Get a document split job.

### Parameters

- `--split-job-id: string`

- `--organization-id: optional string`

- `--project-id: optional string`

### Returns

- `BetaSplitGetResponse: object { id, categories, document_input, 8 more }`

  Beta response — uses nested document_input object.

  - `id: string`

    Unique identifier for the split job.

  - `categories: array of SplitCategory`

    Categories used for splitting.

    - `name: string`

      Name of the category.

    - `description: optional string`

      Optional description of what content belongs in this category.

  - `document_input: object { type, value }`

    Document that was split.

    - `type: string`

      Type of document input.
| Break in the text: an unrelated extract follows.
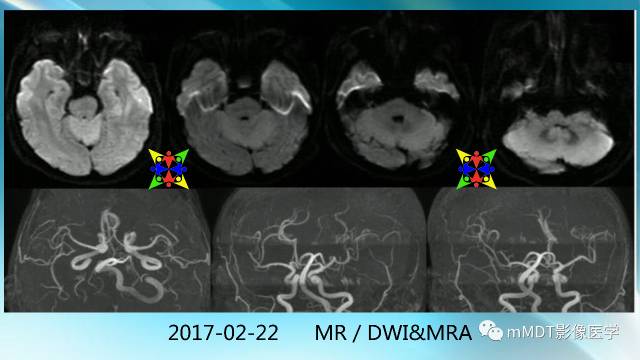 【PPT】副肿瘤神经综合征：小脑变性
Valid values are: file_id

    - `value: string`

      Document identifier.

  - `project_id: string`

    Project ID this job belongs to.

  - `status: string`

    Current status of the job. Valid values are: pending, processing, completed, failed, cancelled.

  - `user_id: string`

    User ID who created this job.

  - `configuration_id: optional string`

    Split configuration ID used for this job.

  - `created_at: optional string`

    Creation datetime

  - `error_message: optional string`

    Error message if the job failed.

  - `result: optional object { segments }`

    Result of a completed split job.

    - `segments: array of SplitSegmentResponse`

      List of document segments.

      - `category: string`

        Category name this split belongs to.
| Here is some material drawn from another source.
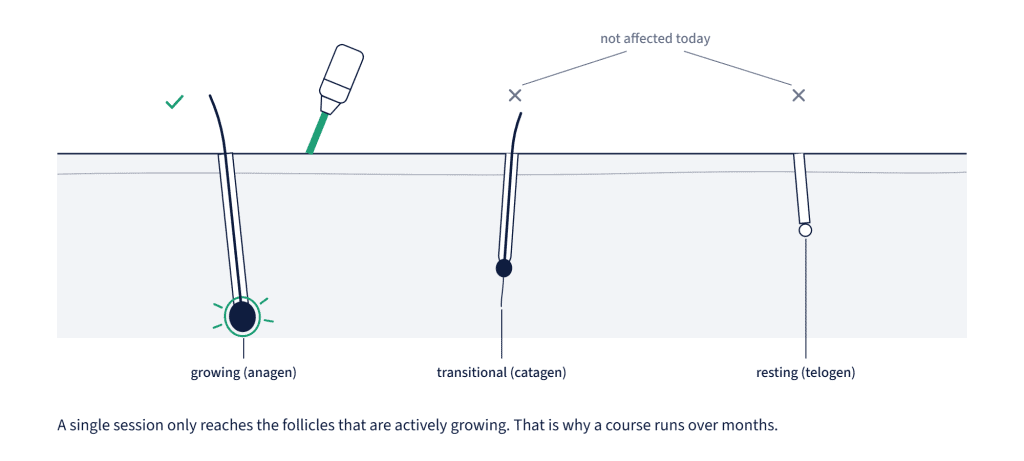 Diagram showing hair follicles in growing, transitional and resting phases, with the laser only affecting actively growing follicles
      - `confidence_category: string`

        Categorical confidence level. Valid values are: high, medium, low.

      - `pages: array of number`

        1-indexed page numbers in this split.

  - `updated_at: optional string`

    Update datetime

### Example

```cli
llamacloud-prod beta:split get \
  --api-key 'My API Key' \
  --split-job-id split_job_id
```

#### Response

```json
{
  "id": "id",
  "categories": [
    {
      "name": "x",
      "description": "x"
    }
  ],
  "document_input": {
    "type": "type",
    "value": "value"
  },
  "project_id": "project_id",
  "status": "status",
  "user_id": "user_id",
  "configuration_id": "configuration_id",
  "created_at": "2019-12-27T18:11:19.117Z",
  "error_message": "error_message",
  "result": {
    "segments": [
      {
        "category": "category",
        "confidence_category": "confidence_category",
        "pages": [
          0
        ]
      }
    ]
  },
  "updated_at": "2019-12-27T18:11:19.117Z"
}
```

## Domain Types

### Split Category

- `split_category: object { name, description }`

  Category definition for document splitting.

  - `name: string`

    Name of the category.

  - `description: optional string`

    Optional description of what content belongs in this category.

### Split Document Input

- `split_document_input: object { type, value }`

  Document input specification for beta API.

  - `type: string`

    Type of document input. Valid values are: file_id

  - `value: string`

    Document identifier.

### Split Result Response

- `split_result_response: object { segments }`

  Result of a completed split job.

  - `segments: array of SplitSegmentResponse`

    List of document segments.

    - `category: string`

      Category name this split belongs to.

    - `confidence_category: string`

      Categorical confidence level. Valid values are: high, medium, low.

    - `pages: array of number`

      1-indexed page numbers in this split.

### Split Segment Response

- `split_segment_response: object { category, confidence_category, pages }`

  A segment of the split document.

  - `category: string`

    Category name this split belongs to.

  - `confidence_category: string`

    Categorical confidence level. Valid values are: high, medium, low.

  - `pages: array of number`

    1-indexed page numbers in this split.